__Exercise instructions__:
Among the records below, find each line bearing the word "Sunset" and copy it.

__Given entries__:
▽
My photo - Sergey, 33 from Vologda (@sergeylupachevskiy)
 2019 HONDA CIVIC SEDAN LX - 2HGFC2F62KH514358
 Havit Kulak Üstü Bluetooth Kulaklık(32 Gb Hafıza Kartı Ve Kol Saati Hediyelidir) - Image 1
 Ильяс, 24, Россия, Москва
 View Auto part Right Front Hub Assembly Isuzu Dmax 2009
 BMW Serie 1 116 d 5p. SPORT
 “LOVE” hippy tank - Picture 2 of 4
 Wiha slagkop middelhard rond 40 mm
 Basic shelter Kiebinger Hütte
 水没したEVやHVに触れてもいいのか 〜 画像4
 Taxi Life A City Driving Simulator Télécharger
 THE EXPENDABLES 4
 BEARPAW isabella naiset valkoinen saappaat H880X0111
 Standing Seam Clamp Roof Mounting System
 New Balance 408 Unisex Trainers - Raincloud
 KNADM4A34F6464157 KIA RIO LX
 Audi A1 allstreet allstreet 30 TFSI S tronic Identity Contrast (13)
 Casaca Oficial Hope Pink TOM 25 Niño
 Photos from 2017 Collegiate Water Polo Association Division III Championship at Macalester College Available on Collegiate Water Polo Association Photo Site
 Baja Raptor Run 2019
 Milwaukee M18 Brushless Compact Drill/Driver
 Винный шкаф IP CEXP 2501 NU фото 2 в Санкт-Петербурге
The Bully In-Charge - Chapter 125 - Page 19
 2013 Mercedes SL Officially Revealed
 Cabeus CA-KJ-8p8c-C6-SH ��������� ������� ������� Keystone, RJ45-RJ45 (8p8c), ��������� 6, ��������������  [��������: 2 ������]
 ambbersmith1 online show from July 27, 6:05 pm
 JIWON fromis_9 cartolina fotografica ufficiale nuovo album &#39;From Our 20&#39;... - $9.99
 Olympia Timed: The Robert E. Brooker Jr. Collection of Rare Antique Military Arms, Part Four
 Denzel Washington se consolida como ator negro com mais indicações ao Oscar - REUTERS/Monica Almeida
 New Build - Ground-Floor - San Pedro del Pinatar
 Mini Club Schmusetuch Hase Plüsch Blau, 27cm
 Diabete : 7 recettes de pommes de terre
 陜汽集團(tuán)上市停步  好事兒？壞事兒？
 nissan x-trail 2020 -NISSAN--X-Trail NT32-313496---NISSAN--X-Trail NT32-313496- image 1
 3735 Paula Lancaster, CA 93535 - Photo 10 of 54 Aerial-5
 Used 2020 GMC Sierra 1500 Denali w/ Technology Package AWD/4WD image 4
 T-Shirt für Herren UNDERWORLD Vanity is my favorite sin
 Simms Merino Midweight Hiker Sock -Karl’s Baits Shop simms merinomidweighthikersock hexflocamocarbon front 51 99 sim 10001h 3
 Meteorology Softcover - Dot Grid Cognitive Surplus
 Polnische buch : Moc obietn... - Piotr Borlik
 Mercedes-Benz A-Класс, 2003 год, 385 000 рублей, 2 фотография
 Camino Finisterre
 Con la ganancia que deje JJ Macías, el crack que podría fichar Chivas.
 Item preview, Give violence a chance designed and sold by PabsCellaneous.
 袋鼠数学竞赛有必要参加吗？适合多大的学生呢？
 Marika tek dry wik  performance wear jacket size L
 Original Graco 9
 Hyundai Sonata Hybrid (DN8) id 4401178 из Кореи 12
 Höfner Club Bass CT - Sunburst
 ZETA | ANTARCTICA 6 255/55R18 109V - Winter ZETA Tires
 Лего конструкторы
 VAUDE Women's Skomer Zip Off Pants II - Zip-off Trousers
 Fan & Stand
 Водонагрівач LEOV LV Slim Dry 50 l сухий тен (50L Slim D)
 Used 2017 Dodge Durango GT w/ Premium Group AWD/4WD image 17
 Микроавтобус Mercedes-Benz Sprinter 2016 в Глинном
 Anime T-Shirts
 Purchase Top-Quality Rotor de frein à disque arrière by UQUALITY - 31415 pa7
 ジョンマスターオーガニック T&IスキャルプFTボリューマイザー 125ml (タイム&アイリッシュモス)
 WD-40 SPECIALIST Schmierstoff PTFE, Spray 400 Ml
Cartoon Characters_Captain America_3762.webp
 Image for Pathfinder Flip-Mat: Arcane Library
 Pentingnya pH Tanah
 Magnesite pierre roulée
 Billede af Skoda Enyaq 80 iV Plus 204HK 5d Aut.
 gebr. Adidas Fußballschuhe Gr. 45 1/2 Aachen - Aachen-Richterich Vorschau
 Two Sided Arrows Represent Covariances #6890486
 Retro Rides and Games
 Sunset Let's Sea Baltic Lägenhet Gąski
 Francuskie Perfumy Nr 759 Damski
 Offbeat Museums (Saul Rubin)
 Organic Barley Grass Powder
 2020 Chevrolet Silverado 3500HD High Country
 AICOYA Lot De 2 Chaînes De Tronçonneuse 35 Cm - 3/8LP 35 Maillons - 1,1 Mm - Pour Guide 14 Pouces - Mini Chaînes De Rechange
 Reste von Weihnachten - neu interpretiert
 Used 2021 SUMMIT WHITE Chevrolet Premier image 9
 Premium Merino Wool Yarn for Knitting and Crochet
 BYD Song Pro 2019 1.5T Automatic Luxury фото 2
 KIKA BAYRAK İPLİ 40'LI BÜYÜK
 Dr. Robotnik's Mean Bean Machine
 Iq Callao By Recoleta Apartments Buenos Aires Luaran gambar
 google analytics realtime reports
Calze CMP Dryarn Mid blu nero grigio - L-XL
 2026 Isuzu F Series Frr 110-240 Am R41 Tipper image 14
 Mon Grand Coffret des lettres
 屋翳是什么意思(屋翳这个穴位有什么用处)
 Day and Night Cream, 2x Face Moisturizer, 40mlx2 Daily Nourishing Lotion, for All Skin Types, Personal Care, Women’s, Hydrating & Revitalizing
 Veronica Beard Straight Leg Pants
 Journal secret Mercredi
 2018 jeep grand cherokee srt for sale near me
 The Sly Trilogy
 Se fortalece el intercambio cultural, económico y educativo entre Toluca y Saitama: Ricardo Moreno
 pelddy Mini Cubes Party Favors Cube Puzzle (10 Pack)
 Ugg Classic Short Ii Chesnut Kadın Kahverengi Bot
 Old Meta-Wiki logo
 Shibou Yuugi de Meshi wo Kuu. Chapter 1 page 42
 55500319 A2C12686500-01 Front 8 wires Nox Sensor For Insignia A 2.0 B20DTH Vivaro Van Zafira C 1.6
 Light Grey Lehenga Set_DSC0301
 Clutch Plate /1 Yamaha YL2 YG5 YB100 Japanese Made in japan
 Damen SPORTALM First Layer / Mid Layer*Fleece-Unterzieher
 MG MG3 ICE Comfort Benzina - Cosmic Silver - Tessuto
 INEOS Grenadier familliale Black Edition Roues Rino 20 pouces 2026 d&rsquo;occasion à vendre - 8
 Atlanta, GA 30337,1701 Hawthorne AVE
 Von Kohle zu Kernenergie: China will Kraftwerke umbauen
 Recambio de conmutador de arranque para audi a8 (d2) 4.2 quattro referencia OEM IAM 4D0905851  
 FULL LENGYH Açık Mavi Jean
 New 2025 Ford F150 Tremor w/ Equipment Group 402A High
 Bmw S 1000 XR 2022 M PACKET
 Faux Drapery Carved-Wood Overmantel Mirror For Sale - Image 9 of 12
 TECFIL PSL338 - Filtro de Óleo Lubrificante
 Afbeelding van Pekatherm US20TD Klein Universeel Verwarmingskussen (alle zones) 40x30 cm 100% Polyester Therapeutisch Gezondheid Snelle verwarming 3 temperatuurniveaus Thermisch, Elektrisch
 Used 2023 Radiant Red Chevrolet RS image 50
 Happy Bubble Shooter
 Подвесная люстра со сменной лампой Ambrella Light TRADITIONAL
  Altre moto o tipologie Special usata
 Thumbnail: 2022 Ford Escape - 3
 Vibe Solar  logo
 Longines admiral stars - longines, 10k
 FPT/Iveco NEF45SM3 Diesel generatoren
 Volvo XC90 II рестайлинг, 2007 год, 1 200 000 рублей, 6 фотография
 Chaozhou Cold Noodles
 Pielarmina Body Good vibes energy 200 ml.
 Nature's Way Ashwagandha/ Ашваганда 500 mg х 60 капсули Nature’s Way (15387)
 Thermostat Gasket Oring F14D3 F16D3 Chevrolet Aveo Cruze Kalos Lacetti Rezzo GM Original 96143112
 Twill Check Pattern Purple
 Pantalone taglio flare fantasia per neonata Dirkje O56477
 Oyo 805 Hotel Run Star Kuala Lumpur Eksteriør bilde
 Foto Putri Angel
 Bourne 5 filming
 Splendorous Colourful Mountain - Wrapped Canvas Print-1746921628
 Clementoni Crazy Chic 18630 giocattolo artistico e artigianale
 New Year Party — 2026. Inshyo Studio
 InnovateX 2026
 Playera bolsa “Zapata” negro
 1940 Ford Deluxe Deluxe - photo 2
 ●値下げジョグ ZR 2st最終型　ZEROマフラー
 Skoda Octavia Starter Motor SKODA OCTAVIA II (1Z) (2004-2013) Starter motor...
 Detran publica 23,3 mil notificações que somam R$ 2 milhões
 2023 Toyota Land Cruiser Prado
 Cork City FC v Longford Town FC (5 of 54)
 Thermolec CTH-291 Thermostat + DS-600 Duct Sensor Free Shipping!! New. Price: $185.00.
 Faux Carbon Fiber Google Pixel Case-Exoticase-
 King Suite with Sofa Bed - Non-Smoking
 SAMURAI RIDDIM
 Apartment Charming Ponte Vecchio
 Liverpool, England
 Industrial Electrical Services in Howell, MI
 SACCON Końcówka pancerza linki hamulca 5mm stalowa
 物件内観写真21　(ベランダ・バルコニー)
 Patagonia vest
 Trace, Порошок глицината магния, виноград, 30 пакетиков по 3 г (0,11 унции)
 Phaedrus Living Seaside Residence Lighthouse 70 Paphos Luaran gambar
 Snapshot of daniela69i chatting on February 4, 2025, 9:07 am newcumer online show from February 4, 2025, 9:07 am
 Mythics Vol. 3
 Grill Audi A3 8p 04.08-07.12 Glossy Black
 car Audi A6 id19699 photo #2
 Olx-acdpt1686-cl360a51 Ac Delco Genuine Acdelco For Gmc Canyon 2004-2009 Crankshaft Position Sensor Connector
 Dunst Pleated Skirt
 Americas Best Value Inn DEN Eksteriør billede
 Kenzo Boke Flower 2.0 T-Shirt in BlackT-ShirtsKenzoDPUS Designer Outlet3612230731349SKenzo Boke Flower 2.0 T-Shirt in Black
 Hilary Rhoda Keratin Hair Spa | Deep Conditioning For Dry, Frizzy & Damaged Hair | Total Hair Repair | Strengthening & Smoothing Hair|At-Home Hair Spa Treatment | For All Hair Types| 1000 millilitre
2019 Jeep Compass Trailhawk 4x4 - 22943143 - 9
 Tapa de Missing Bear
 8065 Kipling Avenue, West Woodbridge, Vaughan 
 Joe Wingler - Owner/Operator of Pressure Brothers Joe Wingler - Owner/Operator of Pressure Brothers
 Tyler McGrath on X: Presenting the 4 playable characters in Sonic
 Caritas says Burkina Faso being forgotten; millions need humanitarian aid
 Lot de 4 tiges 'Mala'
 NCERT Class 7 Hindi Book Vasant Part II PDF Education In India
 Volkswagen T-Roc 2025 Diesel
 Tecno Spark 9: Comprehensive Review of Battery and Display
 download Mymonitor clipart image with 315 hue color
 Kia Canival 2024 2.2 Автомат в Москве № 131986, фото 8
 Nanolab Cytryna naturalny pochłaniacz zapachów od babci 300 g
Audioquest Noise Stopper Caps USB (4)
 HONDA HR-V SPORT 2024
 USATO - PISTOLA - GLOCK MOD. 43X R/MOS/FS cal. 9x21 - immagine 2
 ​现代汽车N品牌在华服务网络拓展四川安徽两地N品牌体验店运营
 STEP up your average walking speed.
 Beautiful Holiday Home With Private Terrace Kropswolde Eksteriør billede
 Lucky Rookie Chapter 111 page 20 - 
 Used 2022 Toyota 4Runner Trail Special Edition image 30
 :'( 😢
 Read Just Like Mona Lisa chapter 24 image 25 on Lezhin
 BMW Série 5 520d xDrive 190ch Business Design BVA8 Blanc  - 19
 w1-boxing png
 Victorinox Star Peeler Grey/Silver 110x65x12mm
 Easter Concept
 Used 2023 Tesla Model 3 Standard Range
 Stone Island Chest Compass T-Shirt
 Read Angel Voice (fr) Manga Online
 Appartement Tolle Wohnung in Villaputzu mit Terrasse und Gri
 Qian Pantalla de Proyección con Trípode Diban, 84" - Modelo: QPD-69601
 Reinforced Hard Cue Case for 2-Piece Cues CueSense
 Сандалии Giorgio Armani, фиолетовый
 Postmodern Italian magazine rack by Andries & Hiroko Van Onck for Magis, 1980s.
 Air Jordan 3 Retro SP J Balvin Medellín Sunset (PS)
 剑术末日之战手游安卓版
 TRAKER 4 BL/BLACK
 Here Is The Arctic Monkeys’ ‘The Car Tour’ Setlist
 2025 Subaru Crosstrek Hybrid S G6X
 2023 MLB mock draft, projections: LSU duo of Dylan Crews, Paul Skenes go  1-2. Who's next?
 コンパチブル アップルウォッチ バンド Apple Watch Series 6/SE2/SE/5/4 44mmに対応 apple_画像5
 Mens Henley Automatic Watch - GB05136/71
△
__Task answer__:
 Sunset Let's Sea Baltic Lägenhet Gąski
 Air Jordan 3 Retro SP J Balvin Medellín Sunset (PS)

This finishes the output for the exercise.